Stay up to date with notifications from The Independent

Notifications can be managed in browser preferences.

Stabbing victim's mother attacks hostels 'danger'

Steve Boggan
Thursday 15 September 1994 23:02 BST
Comments

THE mother of a woman stabbed to death by a schizophrenic patient rejected the call for more hostels yesterday and urged the Government to provide extra hospitals for the mentally ill, writes Steve Boggan.
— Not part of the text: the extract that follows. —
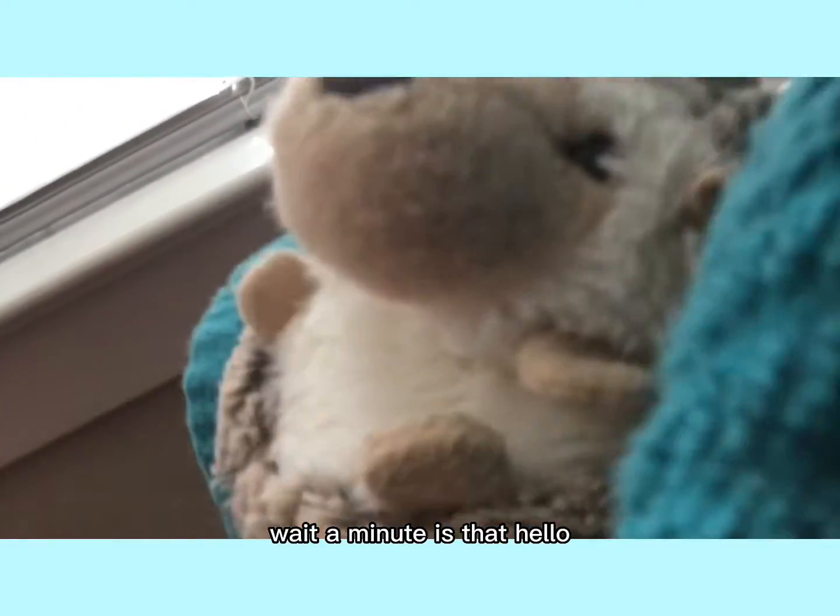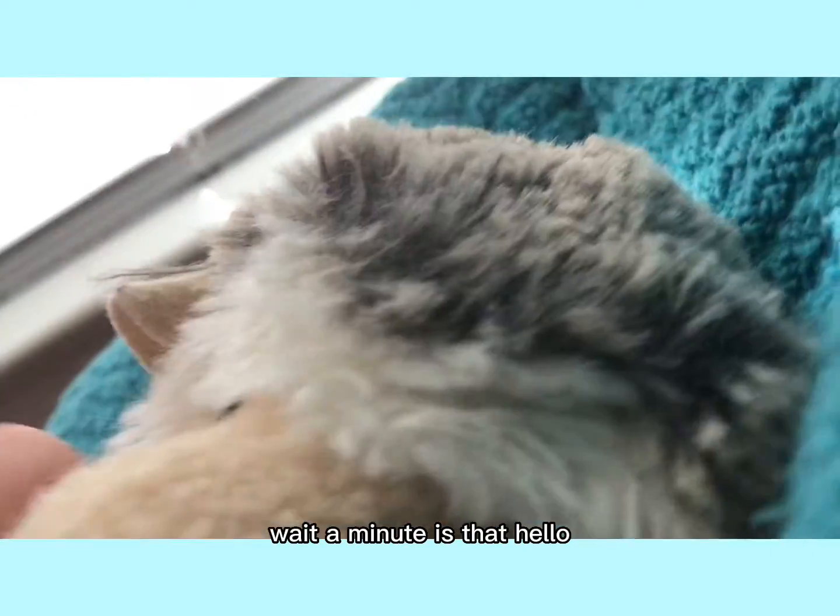There's something else to do. Wait, wait a minute. Is that?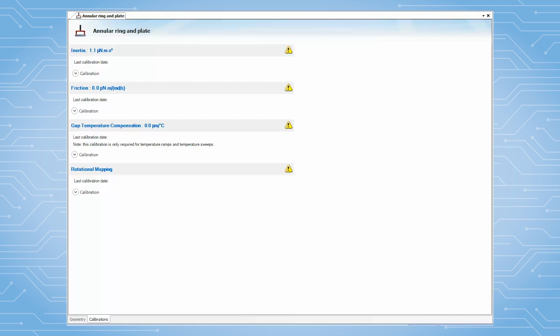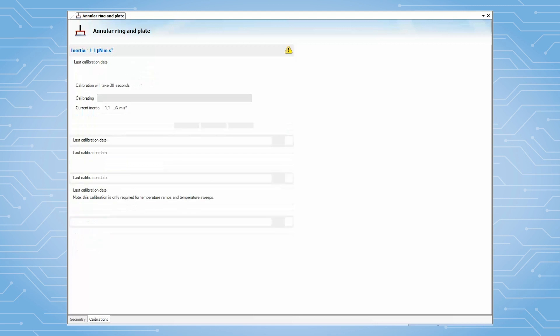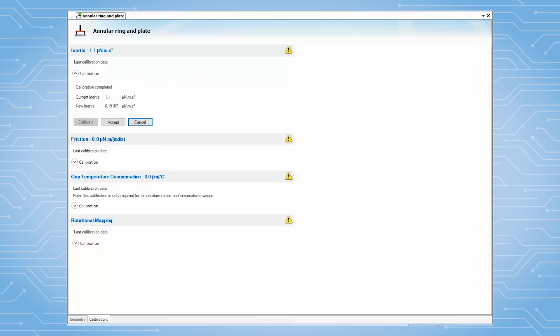Under Inertia Calibration, click on Calibrate to begin. This calibration takes about 30 seconds. After it is finished, click on Accept.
Sandra Sullivan, whose daughter Katie, 23, was a voluntary worker at a hostel, said the killing had exposed a dangerous lack of communication and accountability between psychiatrists and social workers that could lead to more attacks. Katie, a psychology graduate, was stabbed 14 times by Erhi Inweh, 22, in October 1992. Inweh, who is now being treated at Broadmoor hospital, was a resident of a hostel run by the mental health charity Mind in Kingston upon Thames, south-west London.

Patients with a history of violence should not be accepted by such hostels, but no one had told staff or Inweh's social worker that she had tried to kill someone once before. She believed that Katie was the anti-Christ and attacked her with a carving knife.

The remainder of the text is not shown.